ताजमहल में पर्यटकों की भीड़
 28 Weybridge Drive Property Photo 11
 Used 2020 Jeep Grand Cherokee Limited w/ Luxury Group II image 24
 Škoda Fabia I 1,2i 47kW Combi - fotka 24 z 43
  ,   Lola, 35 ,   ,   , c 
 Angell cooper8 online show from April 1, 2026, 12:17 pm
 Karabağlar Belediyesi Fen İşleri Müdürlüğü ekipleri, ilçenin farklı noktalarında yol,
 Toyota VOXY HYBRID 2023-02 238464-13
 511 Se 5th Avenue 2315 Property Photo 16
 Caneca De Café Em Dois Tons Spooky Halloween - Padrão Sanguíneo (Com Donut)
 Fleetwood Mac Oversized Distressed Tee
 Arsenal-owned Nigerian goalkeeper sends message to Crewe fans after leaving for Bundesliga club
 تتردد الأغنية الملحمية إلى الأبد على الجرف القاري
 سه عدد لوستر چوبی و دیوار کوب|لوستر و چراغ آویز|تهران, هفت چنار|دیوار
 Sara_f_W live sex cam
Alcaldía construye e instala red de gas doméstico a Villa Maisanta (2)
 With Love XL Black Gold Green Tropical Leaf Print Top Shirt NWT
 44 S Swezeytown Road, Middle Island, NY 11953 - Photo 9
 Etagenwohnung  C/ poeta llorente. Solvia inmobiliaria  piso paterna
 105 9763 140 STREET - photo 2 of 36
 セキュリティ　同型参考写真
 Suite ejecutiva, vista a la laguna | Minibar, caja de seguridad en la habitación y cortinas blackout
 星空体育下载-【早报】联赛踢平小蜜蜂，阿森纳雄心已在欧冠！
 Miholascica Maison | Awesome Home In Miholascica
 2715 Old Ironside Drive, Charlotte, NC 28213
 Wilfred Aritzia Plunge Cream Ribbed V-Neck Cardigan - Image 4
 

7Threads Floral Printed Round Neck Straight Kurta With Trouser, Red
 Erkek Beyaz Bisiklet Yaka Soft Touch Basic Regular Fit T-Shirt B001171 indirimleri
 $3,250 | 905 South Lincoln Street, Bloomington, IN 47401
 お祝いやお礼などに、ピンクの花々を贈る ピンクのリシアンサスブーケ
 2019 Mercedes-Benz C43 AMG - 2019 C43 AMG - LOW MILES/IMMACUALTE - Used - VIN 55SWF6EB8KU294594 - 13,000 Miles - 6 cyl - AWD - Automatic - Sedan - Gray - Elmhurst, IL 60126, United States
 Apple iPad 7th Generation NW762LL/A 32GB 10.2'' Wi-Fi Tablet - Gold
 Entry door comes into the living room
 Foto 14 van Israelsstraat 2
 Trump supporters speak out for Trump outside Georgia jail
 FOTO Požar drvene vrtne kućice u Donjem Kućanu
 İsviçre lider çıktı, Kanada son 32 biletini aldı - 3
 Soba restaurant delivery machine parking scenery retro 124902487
========
What you need to do: I need every line of the data that has the word "Drive"; please list them.

Answer box:
 28 Weybridge Drive Property Photo 11
 2715 Old Ironside Drive, Charlotte, NC 28213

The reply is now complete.